The projects bidders, the banks, investors, lawyers, government advisers and the project sponsor – all of them use modelling. The methodology and stakeholders have changed, but the purpose remains the same – who knows the future, controls the present. In case of financial markets, well-developed mathematical model may help in designing an accurate portfolio that will not only bring benefits but also protect investors from the market reversal.
According to a research provided by Erasmus University Rotterdam, there are three roles of financial modelling:
(1) To get a better idea of the set of alternative decision strategies, i.e. to get insight into the feasibility of different strategies and possibly also to generate new alternatives.

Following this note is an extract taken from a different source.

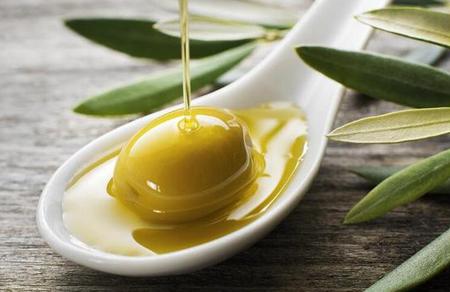 تعبئة وتغليف زيت الزيتون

(2) To clarify the relations between decision alternatives and the (potential) results of these alternatives. This may vary from the assessment of probabilities through: simulation and econometric techniques to the identification of sources of risk and estimating response parameters.

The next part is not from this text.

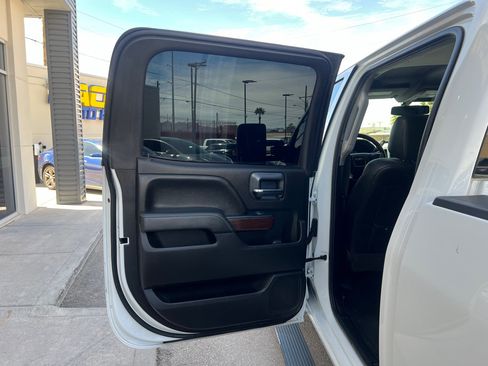 Used 2019 GMC Sierra 2500 SLT w/ Duramax Plus Package image 25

(3) To help finding a (set of) suitable stream(S) of decision alternatives. Depending on the problem characteristics, this may vary from searching feasible solutions, to constructing a partial ordering of the set of alternatives (for instance eliminating all inferior alternatives) to the construction of a complete ordering of the alternatives. Defined in this way, financial modelling not only involves 'hard core' optimization and econometrics, but also softer techniques like simulation and heuristics, and decision support techniques and problem structuring methods.
What are the indicator that may affect the stock market?

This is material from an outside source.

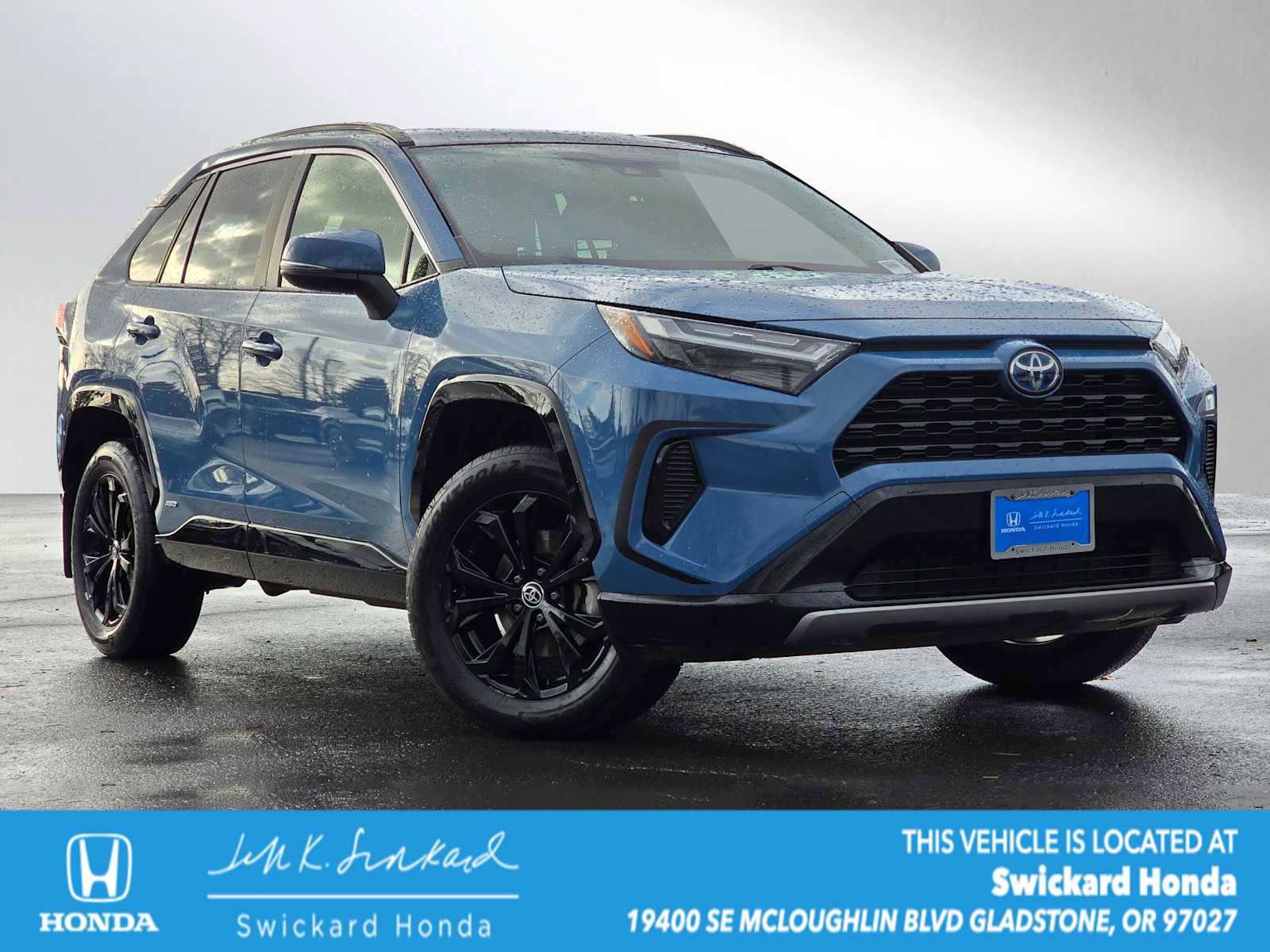 Used 2023 Toyota RAV4 SE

It is not difficult to assume that GDP, unemployment rate/jobs report, the consumer price/ produce price indexes and retail sales can be a huge influence on your investment returns. However, according to a study by School of Business Victoria University Melbourne, it has been discovered that the S&P 500 can also influence the rest of the world’s stock markets. The study results also indicate that the movements of major stock markets and political uncertainty have direct effects on stock market volatility. The effect of movements of oil prices has an indirect effect on firm performance. In brief, the empirical results of the contagion tests on South-East Asian stock markets show that the movement of S&P 500 and oil price can cause contagion effects in the South-East Asia stock markets. These results conclude that stock market volatility and transmission can be caused by the movement of S&P 500 and oil price while the BSI can initially affect only Thailand’s stock market volatility.
Well, if everything is so simple, then why aren’t we all millionaires?
For example, theoretically, more people with jobs equates to higher economic output, retail sales, savings and corporate profits. As such, stocks should rise or fall with good or bad employment reports, as investors digest the potential changes in these areas.
Unfortunately, the reality is not so simple. Last Friday, stocks fell from all-time highs after the release of stronger jobs data (the U.S. economy managed to create 224,000 additional jobs in June. Economists had forecast the U.S. added 165,000 jobs in June, after a stunningly low 75,000 jobs were created in May). The reason lies in the fact that weak results would automatically an easier Federal Reserve monetary policy.
The Dow Jones Industrial Average decreased by 43.88 points to 26,922.12, marking the end of a four-day winning streak. The S&P 500 fell 0.2% to 2,990.41 and ended a five-day winning streak. The Nasdaq Composite fell for the first time in seven sessions, dropping 0.1% to 8,161.79. Earlier in the session, the Dow dropped as much as 232.67 points, while the S&P 500 and Nasdaq slid nearly 1% each.
Treasury yields also jumped on the data. The benchmark 5-year yield traded at 6.17%. Bank shares, in turn, dropped from the higher rates. Citigroup, Bank of America, J.P. Morgan Chase and Wells Fargo all traded below.
In conclusion, no indicator can ensure you that the market will go this way or the other. It is important to take into consideration all the possible factors that may affect the market trend.